• WHAT IS BEING ASKED:
Could you output every record again, exactly as given?

• DATA FOR THIS EXERCISE:

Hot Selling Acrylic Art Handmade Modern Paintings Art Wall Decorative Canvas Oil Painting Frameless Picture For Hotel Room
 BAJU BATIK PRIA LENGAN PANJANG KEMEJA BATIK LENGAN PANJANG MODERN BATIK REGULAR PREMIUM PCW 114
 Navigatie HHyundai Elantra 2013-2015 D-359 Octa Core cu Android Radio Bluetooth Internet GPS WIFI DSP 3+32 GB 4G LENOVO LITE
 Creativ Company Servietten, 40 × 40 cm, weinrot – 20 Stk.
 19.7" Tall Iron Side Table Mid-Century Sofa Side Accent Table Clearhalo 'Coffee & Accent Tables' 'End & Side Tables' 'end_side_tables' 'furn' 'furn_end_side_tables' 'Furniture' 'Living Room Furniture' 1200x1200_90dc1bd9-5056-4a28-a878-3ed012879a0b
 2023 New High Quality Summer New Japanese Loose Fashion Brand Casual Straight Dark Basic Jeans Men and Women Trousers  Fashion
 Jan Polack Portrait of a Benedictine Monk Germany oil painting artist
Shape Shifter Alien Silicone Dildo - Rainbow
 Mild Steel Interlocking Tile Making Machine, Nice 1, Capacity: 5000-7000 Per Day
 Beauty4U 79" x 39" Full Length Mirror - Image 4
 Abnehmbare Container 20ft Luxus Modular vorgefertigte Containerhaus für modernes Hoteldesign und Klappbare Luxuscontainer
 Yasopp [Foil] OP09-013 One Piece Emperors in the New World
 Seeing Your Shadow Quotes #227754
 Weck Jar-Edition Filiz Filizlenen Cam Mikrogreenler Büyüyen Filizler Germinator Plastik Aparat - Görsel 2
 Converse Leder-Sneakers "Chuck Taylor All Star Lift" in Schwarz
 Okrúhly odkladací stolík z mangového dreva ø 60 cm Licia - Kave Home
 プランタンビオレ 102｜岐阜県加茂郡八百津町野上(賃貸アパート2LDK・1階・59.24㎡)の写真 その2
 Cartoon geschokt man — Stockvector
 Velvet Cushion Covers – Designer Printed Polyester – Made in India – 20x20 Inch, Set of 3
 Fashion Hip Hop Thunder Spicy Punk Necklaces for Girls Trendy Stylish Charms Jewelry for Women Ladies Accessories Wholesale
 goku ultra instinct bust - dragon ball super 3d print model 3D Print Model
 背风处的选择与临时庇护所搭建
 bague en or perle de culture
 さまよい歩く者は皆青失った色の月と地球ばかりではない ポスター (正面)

• YOUR RESPONSE:
Hot Selling Acrylic Art Handmade Modern Paintings Art Wall Decorative Canvas Oil Painting Frameless Picture For Hotel Room
 BAJU BATIK PRIA LENGAN PANJANG KEMEJA BATIK LENGAN PANJANG MODERN BATIK REGULAR PREMIUM PCW 114
 Navigatie HHyundai Elantra 2013-2015 D-359 Octa Core cu Android Radio Bluetooth Internet GPS WIFI DSP 3+32 GB 4G LENOVO LITE
 Creativ Company Servietten, 40 × 40 cm, weinrot – 20 Stk.
 19.7" Tall Iron Side Table Mid-Century Sofa Side Accent Table Clearhalo 'Coffee & Accent Tables' 'End & Side Tables' 'end_side_tables' 'furn' 'furn_end_side_tables' 'Furniture' 'Living Room Furniture' 1200x1200_90dc1bd9-5056-4a28-a878-3ed012879a0b
 2023 New High Quality Summer New Japanese Loose Fashion Brand Casual Straight Dark Basic Jeans Men and Women Trousers  Fashion
 Jan Polack Portrait of a Benedictine Monk Germany oil painting artist
Shape Shifter Alien Silicone Dildo - Rainbow
 Mild Steel Interlocking Tile Making Machine, Nice 1, Capacity: 5000-7000 Per Day
 Beauty4U 79" x 39" Full Length Mirror - Image 4
 Abnehmbare Container 20ft Luxus Modular vorgefertigte Containerhaus für modernes Hoteldesign und Klappbare Luxuscontainer
 Yasopp [Foil] OP09-013 One Piece Emperors in the New World
 Seeing Your Shadow Quotes #227754
 Weck Jar-Edition Filiz Filizlenen Cam Mikrogreenler Büyüyen Filizler Germinator Plastik Aparat - Görsel 2
 Converse Leder-Sneakers "Chuck Taylor All Star Lift" in Schwarz
 Okrúhly odkladací stolík z mangového dreva ø 60 cm Licia - Kave Home
 プランタンビオレ 102｜岐阜県加茂郡八百津町野上(賃貸アパート2LDK・1階・59.24㎡)の写真 その2
 Cartoon geschokt man — Stockvector
 Velvet Cushion Covers – Designer Printed Polyester – Made in India – 20x20 Inch, Set of 3
 Fashion Hip Hop Thunder Spicy Punk Necklaces for Girls Trendy Stylish Charms Jewelry for Women Ladies Accessories Wholesale
 goku ultra instinct bust - dragon ball super 3d print model 3D Print Model
 背风处的选择与临时庇护所搭建
 bague en or perle de culture
 さまよい歩く者は皆青失った色の月と地球ばかりではない ポスター (正面)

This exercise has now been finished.